Sy-FAR: Symmetry-based Fair Adversarial Robustness

Security-critical machine-learning (ML) systems, such as face-recognition systems, are susceptible to adversarial examples, including real-world physically realizable attacks. Various means to boost ML's adversarial robustness have been proposed; however, they typically induce unfair robustness: It is often easier to attack from certain classes or groups than from others. Several techniques have been developed to improve adversarial robustness while seeking perfect fairness between classes. Yet, prior work has focused on settings where security and fairness are less critical. Our insight is that achieving perfect parity in realistic fairness-critical tasks, such as face recognition, is often infeasible -- some classes may be highly similar, leading to more misclassifications between them. Instead, we suggest that seeking symmetry -- i.e., attacks from class $i$ to $j$ would be as successful as from $j$ to $i$ -- is more tractable. Intuitively, symmetry is a desirable because class resemblance is a symmetric relation in most domains. Additionally, as we prove theoretically, symmetry between individuals induces symmetry between any set of sub-groups, in contrast to other fairness notions where group-fairness is often elusive. We develop Sy-FAR, a technique to encourage symmetry while also optimizing adversarial robustness and extensively evaluate it using five datasets, with three model architectures, including against targeted and untargeted realistic attacks. The results show Sy-FAR significantly improves fair adversarial robustness compared to state-of-the-art methods. Moreover, we find that Sy-FAR is faster and more consistent across runs. Notably, Sy-FAR also ameliorates another type of unfairness we discover in this work -- target classes that adversarial examples are likely to be classified into become significantly less vulnerable after inducing symmetry.

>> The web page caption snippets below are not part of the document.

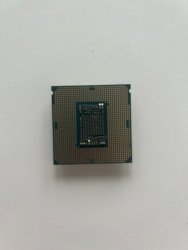 cpu1.jpg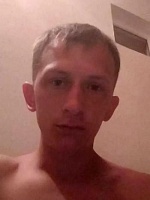 Семёнов Сергей Геннадьевич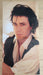 James Freud – Step Into The Heat LP vinyl record, image 7 of 7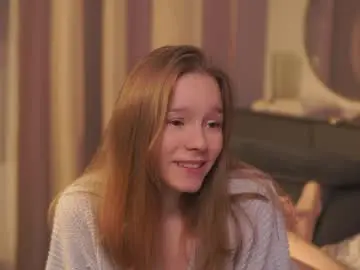 Chaturbate Best live sex cam show of intheknoww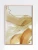Beige_marble_1_złota_ramka_857x1100.webp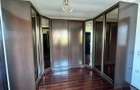 Pipera Vila P+1+M Nemobilata 7 Camere - 13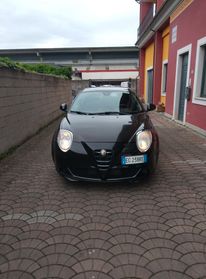 Alfa Romeo MiTo 1.3 JTDm-2 95 CV S&S Progression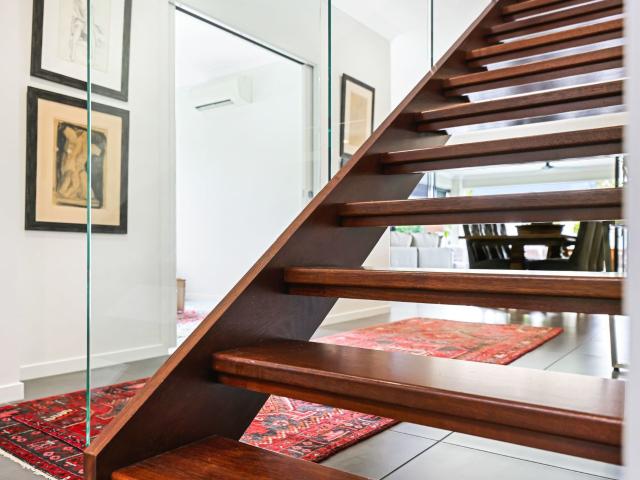 House for sale in Queensland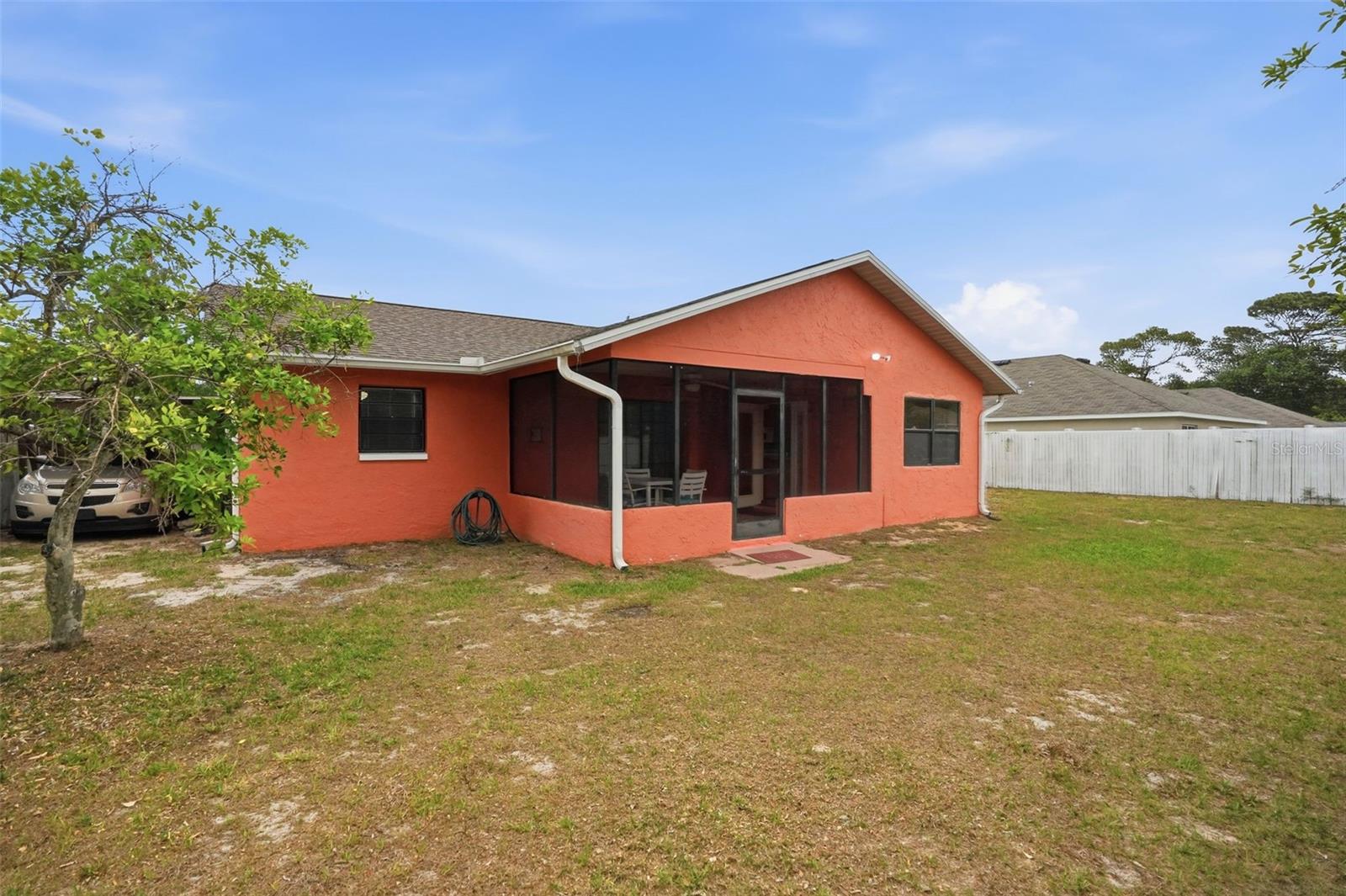 11286 ROLAND ST, SPRING HILL, FL, 34609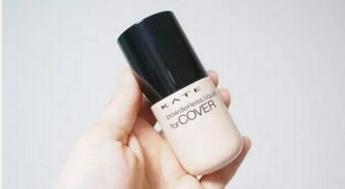 全球最好用的化妆品,全世界最好用化妆品套装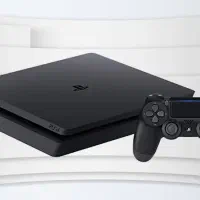 Ps4 تک دسته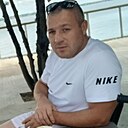 Alexandru, 46 лет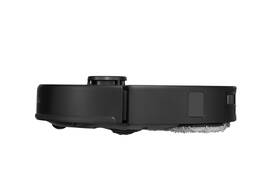 Robotický vysávač Roborock Qrevo S Black čierny

 obrázok produktu 15 z 47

翻译：安全攸关的机器学习系统（如人脸识别系统）易受对抗样本攻击，包括现实世界中可物理实现的攻击。已有多种方法被提出以增强机器学习的对抗鲁棒性；然而，这些方法通常会导致不公平的鲁棒性：攻击某些类别或群体往往比其他类别更容易。目前已有若干技术在寻求类别间完全公平的同时提升对抗鲁棒性。然而，先前工作主要关注安全性和公平性要求较低的场景。我们的核心见解是，在现实公平性关键任务（如人脸识别）中实现完全均等往往不可行——某些类别可能高度相似，导致其间更易发生误分类。相反，我们提出寻求对称性——即从类别$i$到$j$的攻击成功率应与从$j$到$i$的攻击成功率相当——是更可行的路径。直观而言，对称性是理想特性，因为在大多数领域中类别相似性是对称关系。此外，正如我们在理论上证明的，个体间的对称性会诱导任意子集群体间的对称性，这与群体公平性通常难以实现的其他公平性概念形成对比。我们开发了Sy-FAR技术，在优化对抗鲁棒性的同时促进对称性，并使用五个数据集、三种模型架构（包括针对定向与非定向的现实攻击）进行了广泛评估。结果表明，与最先进方法相比，Sy-FAR显著提升了公平对抗鲁棒性。此外，我们发现Sy-FAR具有更快的训练速度和更高的运行一致性。值得注意的是，Sy-FAR还改善了我们在本工作中发现的另一种不公平性——在诱导对称性后，对抗样本易被误分类的目标类别其脆弱性显著降低。